Create a Scrapy Project

scrapy startproject my_crawler
cd my_crawler

Project Structure

my_crawler/
├── scrapy.cfg
└── my_crawler/
├── __init__.py
├── items.py # Define data structure
├── middlewares.py # Custom request/response hooks
├── pipelines.py # Process and save scraped data
├── settings.py # Project configuration
└── spiders/ # Put your spiders here
└── __init__.py

The most important files for beginners are:

  • spiders/: Where you write your crawling logic
  • items.py: Define the fields you want to collect
  • pipelines.py: Process the collected data (e.g., save to CSV, database)
  • settings.py: Control crawl speed, headers, pipelines, etc.

Create Your First Spider

Create a file inside spiders/ — for example, spiders/quotes_spider.py:

import scrapy

class QuotesSpider(scrapy.Spider):
name = "quotes" # Unique name for this spider
start_urls = [
"https://quotes.toscrape.com/",
]

def parse(self, response):
for quote in response.css("div.quote"):
yield {
"text": quote.css("span.text::text").get(),
"author": quote.css("small.author::text").get(),
}

# Follow the "next" page link
next_page = response.css("li.next a::attr(href)").get()
if next_page:
yield response.follow(next_page, self.parse)

Key parts of a spider:

  • name: Used to run the spider from the terminal
  • start_urls: The pages Scrapy will crawl first
  • parse(): Called for each response — extract data and follow links here

CSS Selectors in Scrapy

Scrapy uses CSS selectors (similar to BeautifulSoup) to extract data from HTML.

MethodDescription
response.css("tag::text").get()Get text from the first matching element
response.css("tag::text").getall()Get text from all matching elements
response.css("tag::attr(href)").get()Get an attribute value
response.css("tag")Select elements (returns a list)

Example

# HTML: <a href="/page/2" class="next">Next</a>
response.css("a.next::attr(href)").get() # → "/page/2"
response.css("a.next::text").get() # → "Next"

Run the Spider

scrapy crawl quotes

Save Output to a File

# Save as JSON
scrapy crawl quotes -o output.json

# Save as CSV
scrapy crawl quotes -o output.csv

Use Scrapy Shell to Debug

Before writing your spider, use the Scrapy shell to test your selectors interactively.

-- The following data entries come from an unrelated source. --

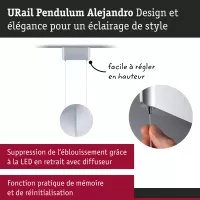 URail Suspension 3-Step-Dim Alejandro 800lm 10W 3000K dimmable 230V - système d'accrochage et décoration - détail 5
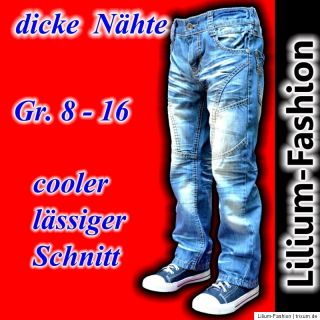 Super Coole Jeans Hose Junge 2012 Dicke Nähte TL 21 Gr. 8 16 neu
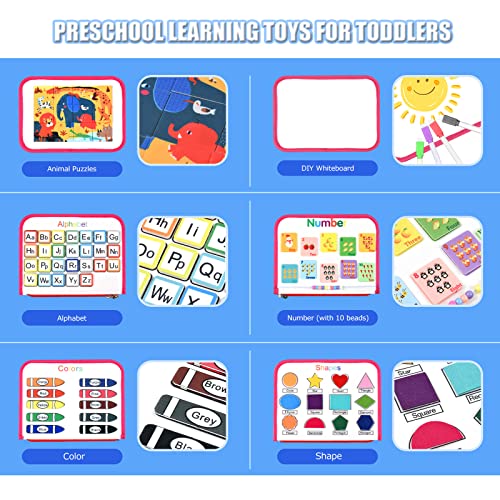 Busy Board Montessori Toys For Toddlers Sensory Toys Gifts For 1 2 3 4 5 6 Year Old Girls Boys Preschool Educational Learning Toys Activity Board For Fine Motor Skills Kids Airplane Car Travel Toys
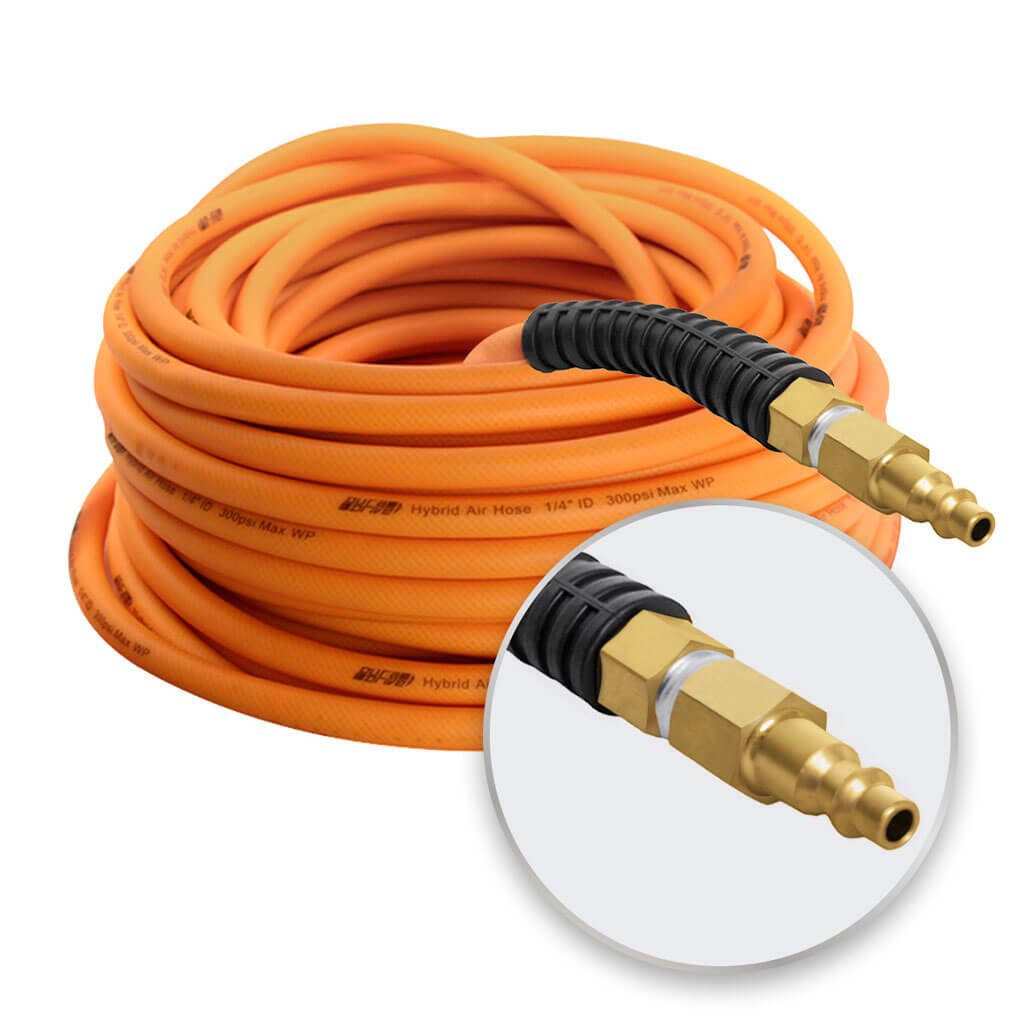 DuraDrive DYPA14100F 1/4 in. x 100 ft. Hybrid Polymer Air Hose with Swivel Fitting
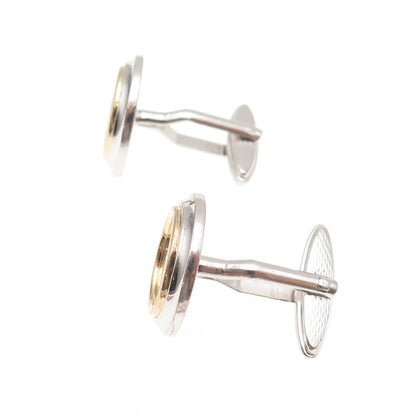 Dunhill 925 Sterling Silver 2-Tone Vintage Round Cufflinks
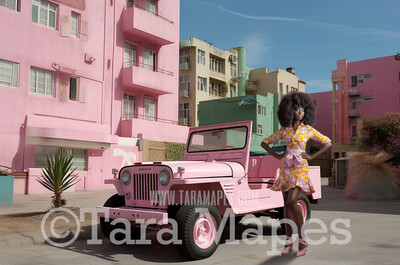 Dollhouse Car Digital Backdrop -  Pink doll house Vehicle Digital Background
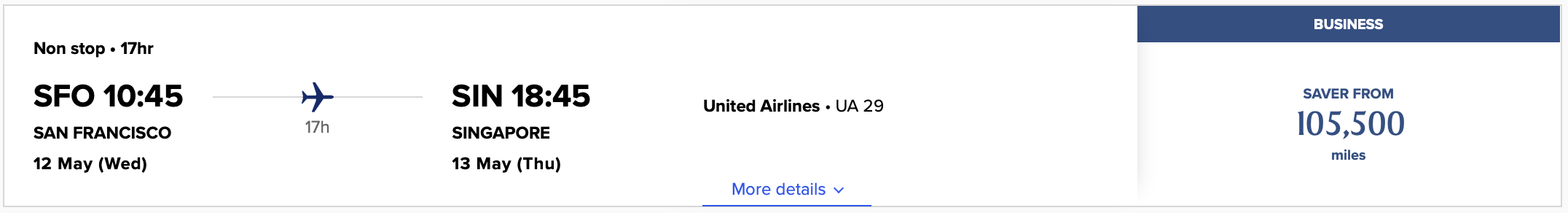 SFO to SIN Singapore Airlines Award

scrapy shell "https://quotes.toscrape.com/"

Inside the shell:

# Test selectors
response.css("div.quote span.text::text").getall()
response.css("small.author::text").getall()

This saves a lot of time — you can confirm the selector works before putting it in your spider.


Custom Headers and Settings

Edit settings.py to configure the crawler:

# Slow down requests to be polite
DOWNLOAD_DELAY = 1 # seconds between requests

# Set a custom User-Agent
USER_AGENT = "Mozilla/5.0 (compatible; MyBot/1.0)"

For pipeline configuration, see Scrapy Pipeline.


Using items.py makes your data structure explicit and easier to reuse.

# items.py
import scrapy

class QuoteItem(scrapy.Item):
text = scrapy.Field()
author = scrapy.Field()

In your spider, yield the item instead of a plain dict:

from my_crawler.items import QuoteItem

def parse(self, response):
for quote in response.css("div.quote"):
item = QuoteItem()
item["text"] = quote.css("span.text::text").get()
item["author"] = quote.css("small.author::text").get()
yield item

Scrapy vs requests + BeautifulSoup

Featurerequests + BS4Scrapy
SetupSimpleRequires project structure
Multi-page crawlingManual loopBuilt-in with follow()
ConcurrencyNo (sequential)Yes (async by default)
Data pipelineManualBuilt-in pipeline
Best forSmall, one-off scriptsLarge or recurring crawlers

Use requests + BeautifulSoup for quick scripts. Use Scrapy when you need something more structured and scalable.